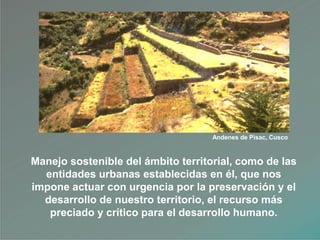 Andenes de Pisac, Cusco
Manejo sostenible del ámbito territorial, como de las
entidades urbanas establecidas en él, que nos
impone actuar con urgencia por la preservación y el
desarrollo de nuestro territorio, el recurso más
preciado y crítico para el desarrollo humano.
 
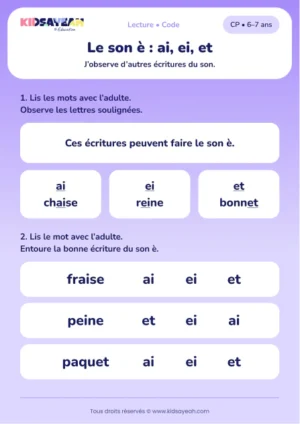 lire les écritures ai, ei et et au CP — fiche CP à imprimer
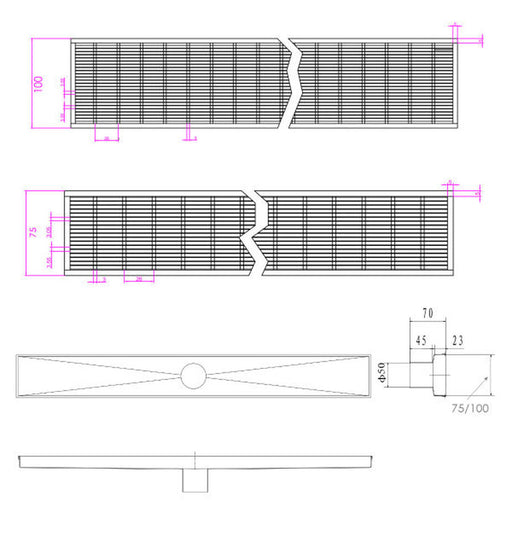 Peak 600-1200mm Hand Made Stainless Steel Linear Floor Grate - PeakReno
=====
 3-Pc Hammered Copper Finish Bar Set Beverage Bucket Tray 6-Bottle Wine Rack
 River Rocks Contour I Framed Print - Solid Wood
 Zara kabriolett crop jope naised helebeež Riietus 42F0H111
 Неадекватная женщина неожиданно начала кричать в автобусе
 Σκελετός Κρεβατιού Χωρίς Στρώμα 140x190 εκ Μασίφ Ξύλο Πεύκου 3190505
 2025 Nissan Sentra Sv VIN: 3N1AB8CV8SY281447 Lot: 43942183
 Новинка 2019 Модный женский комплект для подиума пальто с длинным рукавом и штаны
=====
YOUR OBJECTIVE. Look back at the data above. Transcribe exactly the lines starting at the line that contains "Σκελετός Κρεβατιού Χωρίς" and ending at the line that contains "Новинка 2019 Модный".

RESPONSE AREA.
 Σκελετός Κρεβατιού Χωρίς Στρώμα 140x190 εκ Μασίφ Ξύλο Πεύκου 3190505
 2025 Nissan Sentra Sv VIN: 3N1AB8CV8SY281447 Lot: 43942183
 Новинка 2019 Модный женский комплект для подиума пальто с длинным рукавом и штаны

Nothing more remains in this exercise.